Ülkemizde son zamanlarda çok garip ve sanki sistematik bir havada gerçekleşen ahlaksızlıklar sergileniyor.
İlk zamanlarda bu ülkeye sığınmış ya da göçmen olarak gelmiş daha ziyade Suriyeli, Afgan ya da Paki (Pakistanlı) kişilerin selfieleri ile kadınlarımızı rahatsız ettiklerine yönelik videolar patladı. Sanki bu insanlar ülkemizde yaşamaktan sıkılmışlar da ülkelerine gönderilmek isteniyorlarmış, bunun için de böyle bir yol ve yöntem bulmuşlar gibi garip bir şekilde peş peşe videoları çıktı, ortam bu yüzden gerildi.
Şimdi ise iş başka bir boyuta evrildi.

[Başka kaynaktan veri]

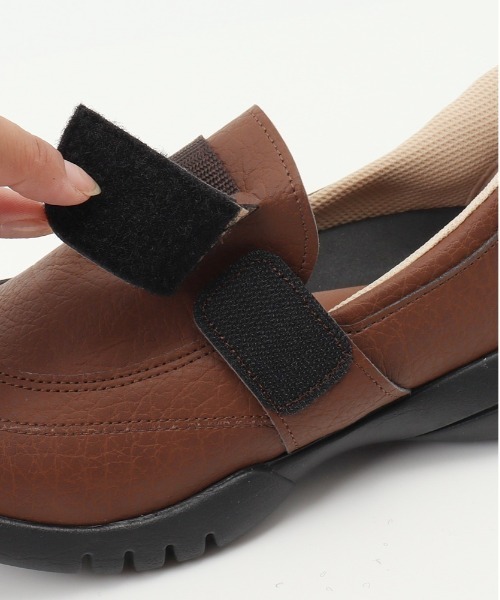 Re:getA(リゲッタ)の「Re:getA -リゲッタ スットオン ハンズフリーシューズ R331(スリッポン・レディース・レッド系その他/キャメル/ブラック・24-24.5cm/23-23.5cm)」の8枚目の写真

Artık ahlaksızlığın sınırlarını zorlamaya başladık. İstanbul başta olmak üzere ülkenin farklı yerlerinde bazı kadınları çırılçıplak soyunup halka açık yerlerde yürüdüklerine, hatta kimilerinin halka açık alanlarda çırılçıplak soyunun cinsel ilişkiye girdiklerine şahit oluyoruz. (Bazıları bu hadiseleri de yabancıların üzerine atarak toplumsal gidişatımızı gözden kaçırmaya çalışıyor. Yapanların bizden birileri olduğunun anlaşılması üzerine hakaret ediyorlar. Onlar ahlaksızlığın yapılmasına karşı değiller yani bazı milliyetlere, inançlara karşılar gerçekte sadece...)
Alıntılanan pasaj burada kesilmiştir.